#### Exercise data

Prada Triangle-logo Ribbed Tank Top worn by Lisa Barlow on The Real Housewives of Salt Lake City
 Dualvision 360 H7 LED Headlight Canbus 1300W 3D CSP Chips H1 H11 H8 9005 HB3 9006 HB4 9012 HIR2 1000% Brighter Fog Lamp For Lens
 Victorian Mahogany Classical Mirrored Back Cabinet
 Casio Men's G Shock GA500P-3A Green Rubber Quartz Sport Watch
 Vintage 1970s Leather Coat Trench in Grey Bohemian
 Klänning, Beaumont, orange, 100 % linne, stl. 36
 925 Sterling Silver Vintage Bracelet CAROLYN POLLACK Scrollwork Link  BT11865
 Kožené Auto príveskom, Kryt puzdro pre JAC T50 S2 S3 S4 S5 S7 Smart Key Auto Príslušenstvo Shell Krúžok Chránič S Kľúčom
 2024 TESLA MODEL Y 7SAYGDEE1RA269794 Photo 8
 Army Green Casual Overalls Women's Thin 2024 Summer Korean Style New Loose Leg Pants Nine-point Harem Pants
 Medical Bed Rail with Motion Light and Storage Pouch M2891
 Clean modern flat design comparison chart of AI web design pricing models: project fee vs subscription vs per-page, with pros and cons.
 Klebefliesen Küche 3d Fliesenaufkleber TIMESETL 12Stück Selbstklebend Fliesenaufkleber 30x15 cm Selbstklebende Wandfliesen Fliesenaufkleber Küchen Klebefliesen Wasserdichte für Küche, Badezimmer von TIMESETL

########

* Work request *
Nothing should be altered. Set down all the data again.

* Finished task *
Prada Triangle-logo Ribbed Tank Top worn by Lisa Barlow on The Real Housewives of Salt Lake City
 Dualvision 360 H7 LED Headlight Canbus 1300W 3D CSP Chips H1 H11 H8 9005 HB3 9006 HB4 9012 HIR2 1000% Brighter Fog Lamp For Lens
 Victorian Mahogany Classical Mirrored Back Cabinet
 Casio Men's G Shock GA500P-3A Green Rubber Quartz Sport Watch
 Vintage 1970s Leather Coat Trench in Grey Bohemian
 Klänning, Beaumont, orange, 100 % linne, stl. 36
 925 Sterling Silver Vintage Bracelet CAROLYN POLLACK Scrollwork Link  BT11865
 Kožené Auto príveskom, Kryt puzdro pre JAC T50 S2 S3 S4 S5 S7 Smart Key Auto Príslušenstvo Shell Krúžok Chránič S Kľúčom
 2024 TESLA MODEL Y 7SAYGDEE1RA269794 Photo 8
 Army Green Casual Overalls Women's Thin 2024 Summer Korean Style New Loose Leg Pants Nine-point Harem Pants
 Medical Bed Rail with Motion Light and Storage Pouch M2891
 Clean modern flat design comparison chart of AI web design pricing models: project fee vs subscription vs per-page, with pros and cons.
 Klebefliesen Küche 3d Fliesenaufkleber TIMESETL 12Stück Selbstklebend Fliesenaufkleber 30x15 cm Selbstklebende Wandfliesen Fliesenaufkleber Küchen Klebefliesen Wasserdichte für Küche, Badezimmer von TIMESETL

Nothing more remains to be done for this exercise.